There are at least three core issues that illustrate the need for software engineers and architects to better understand reverse engineering efforts. First, the number of software solutions continues to increase. Second, technology selection, variety, and evolution change over time. Third, development teams involved in both solution creation and technology selection fluctuate in membership as new opportunities arise. In short, software solutions are built with increasingly sophisticated techniques and technologies, while the teams that build them rarely stay united. Software engineers and architects, therefore, grapple with the question of where to begin when reverse engineering an existing solution. Girba, Ducasse, and Lanza propose an approach to reverse engineering software that looks at past class-level code changes to help identify where to begin the early stages of the reverse engineering process. In addition to the academically inclined, software engineers, architects, and development managers are all likely readers of this paper.
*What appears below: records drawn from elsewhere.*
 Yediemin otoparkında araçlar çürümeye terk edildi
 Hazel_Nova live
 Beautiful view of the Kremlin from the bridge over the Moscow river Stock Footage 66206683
The authors purport that, by looking at classes with sizable changes, one finds likely areas of future change and thus identifies appropriate starting points for reverse engineering. The Yesterday’s Weather system leverages the historical tracking of code over time. To help illustrate this, the authors introduce a simplified evolution matrix, where the x-axis denotes version and the y-axis represents class. The matrix describes the change of classes over time marked by version. Having established the historical record, the authors propose that Yesterday’s Weather should use three formulas to identify and predict the classes most likely to change in the near future: evolution of number of methods, latest evolution of number of methods, and earliest evolution of number of methods. Yesterday’s Weather results in a percent value indicating the likelihood that the identified classes are those most likely to change, and are thus the best places to begin reverse engineering.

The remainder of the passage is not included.